The SHINE (Stroke Hyperglycemia Insulin Network Effort) trial enrolled 1,151 adults diagnosed with an acute ischemic stroke at 63 U.S. centers during 2012-2018, excluding patients with type 1 diabetes. Patients had to enter the study within 12 hours of their last known well time, and with an elevated blood glucose level, above 110 mg/dL in patients with type 2 diabetes or at or above 150 mg/dL in other patients. The median glucose level of enrolled patients was about 188 mg/dL. Enrolled patients averaged 66 years old, and about 80% had type 2 diabetes. The median time from last known well to randomization was just over 7 hours. Almost two-thirds of the patients received thrombolytic treatment, and about 13% underwent thrombectomy.
During up to 72 hours of treatment following enrollment the patients in the standard-treatment arm showed a fairly steady average blood glucose level of 179 mg/dL; patients in the intensive arm showed a steady average of 118 mg/dL.
The study’s primary end point was the percentage of patients with a favorable outcome 90 days after enrollment based on their modified Rankin scale score at that time, with the scores that qualified for this end point varying depending on stroke severity at baseline. The percentage of patients achieving this was 20.5% among the intensive patients and 21.6% among those who received standard insulin treatment, a difference that was not statistically significant.

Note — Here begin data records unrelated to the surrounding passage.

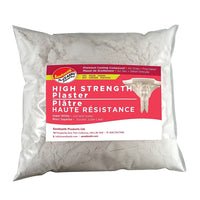 SandtastikMD – Plâtre artistique à haute résistance, 10 lb, très blanc-Mélangez le plâtre avec de l’eau pour créer des pièces décoratives détaillées et des sculptures 2D/3D.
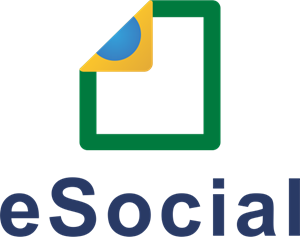 eSocial Logo ,Logo , icon , SVG eSocial Logo
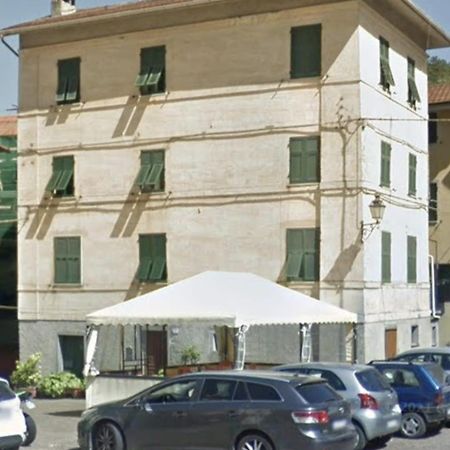 Il Borgo Apartment Піньоне Екстер'єр фото
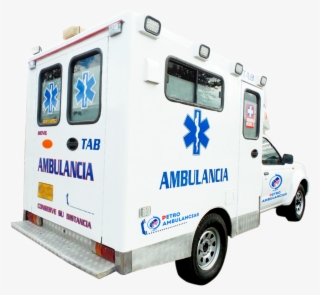 Ambualancia Tipo Petroambulancias #6943735
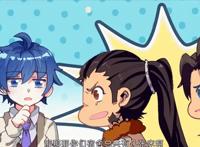 斗罗大陆2绝世唐门第三季第1集丨雪帝魂灵降生霍雨浩喜当爹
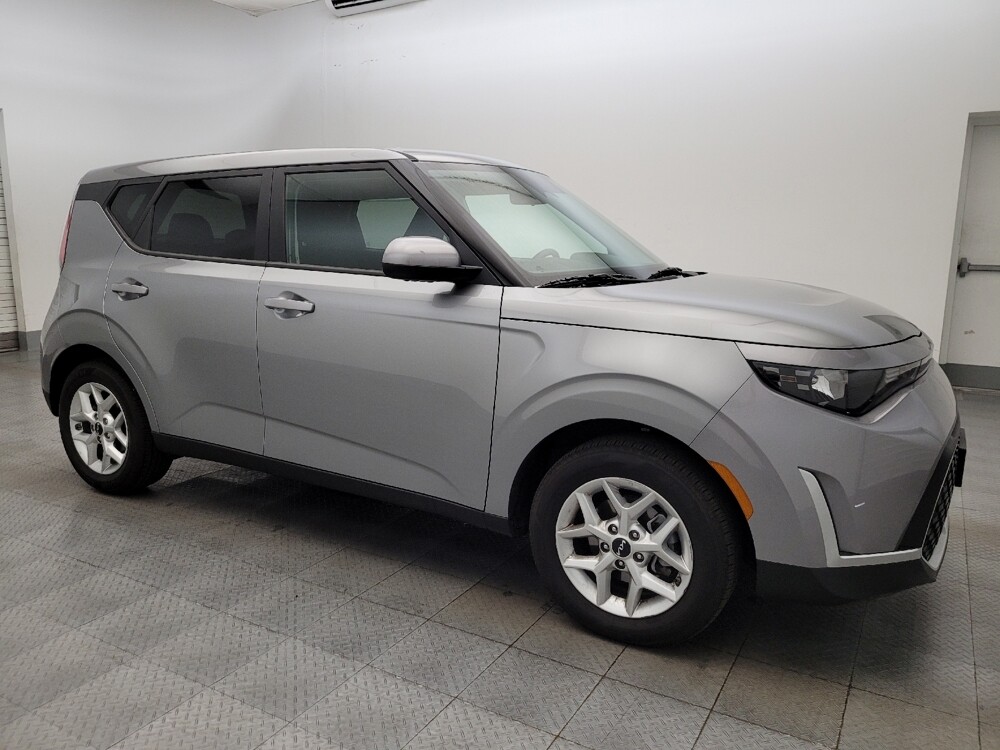 2025 Kia Soul in Albuquerque, NM 87113 - 18115672 11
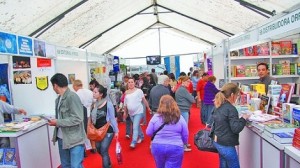 feria del libro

The findings left open the question of how to better manage acute ischemic stroke patients who present with hyperglycemia.
“Hyperglycemic stroke patients have worse outcomes than stroke patients without hyperglycemia. More aggressively treating the hyperglycemia did not help these patients, We need to figure out what will help them,” Dr. Johnson said.
SOURCE: Johnston KC et al. ISC 2019, Abstract LB1.
REPORTING FROM ISC 2019
Key clinical point: Aggressive insulin management of hyperglycemia following an ischemic stroke gave no clinical benefit, compared with a standard approach.
Major finding: After 90 days, favorable outcomes occurred in 21% of patients on aggressive insulin treatment and 22% on standard treatment.
Study details: SHINE, a multicenter, randomized trial with 1,151 acute ischemic stroke patients.
Disclosures: SHINE received no commercial funding. Dr. Johnston had no disclosures.